## Problem to solve
Drop the images, then output the listing exactly.

## Raw data
━━━━━━━━━━━━━━━━

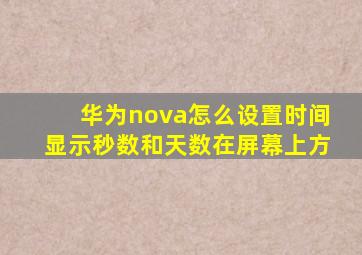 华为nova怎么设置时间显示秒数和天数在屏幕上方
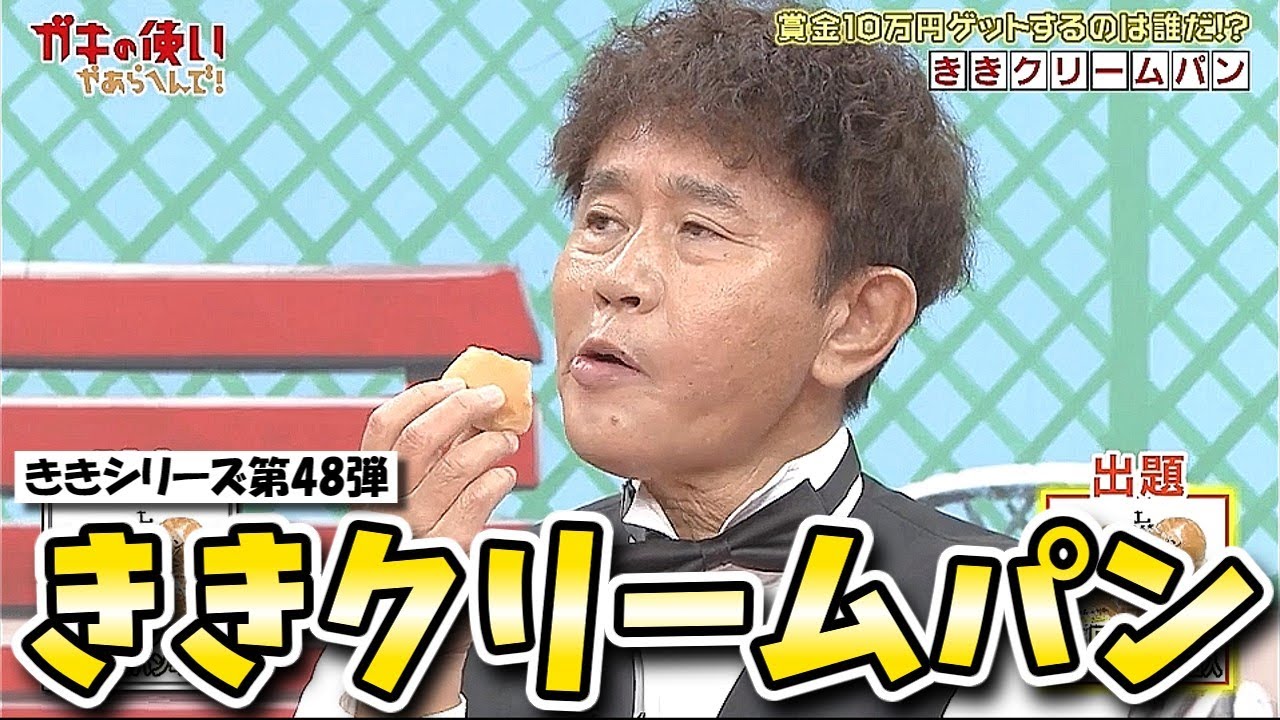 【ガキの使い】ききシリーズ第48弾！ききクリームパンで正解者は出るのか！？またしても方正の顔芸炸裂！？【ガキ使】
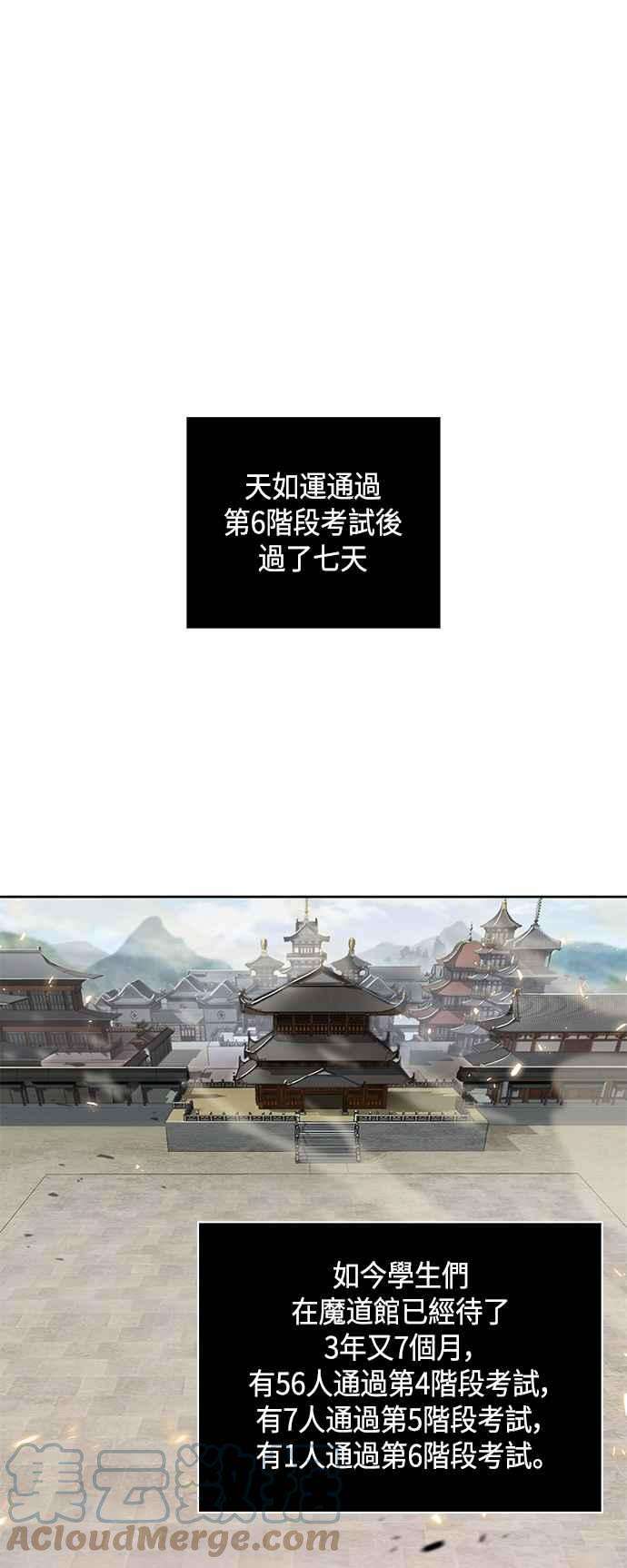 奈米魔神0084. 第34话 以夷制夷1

━━━━━━━━━━━━━━━━

## Task response
 华为nova怎么设置时间显示秒数和天数在屏幕上方
 【ガキの使い】ききシリーズ第48弾！ききクリームパンで正解者は出るのか！？またしても方正の顔芸炸裂！？【ガキ使】
 奈米魔神0084. 第34话 以夷制夷1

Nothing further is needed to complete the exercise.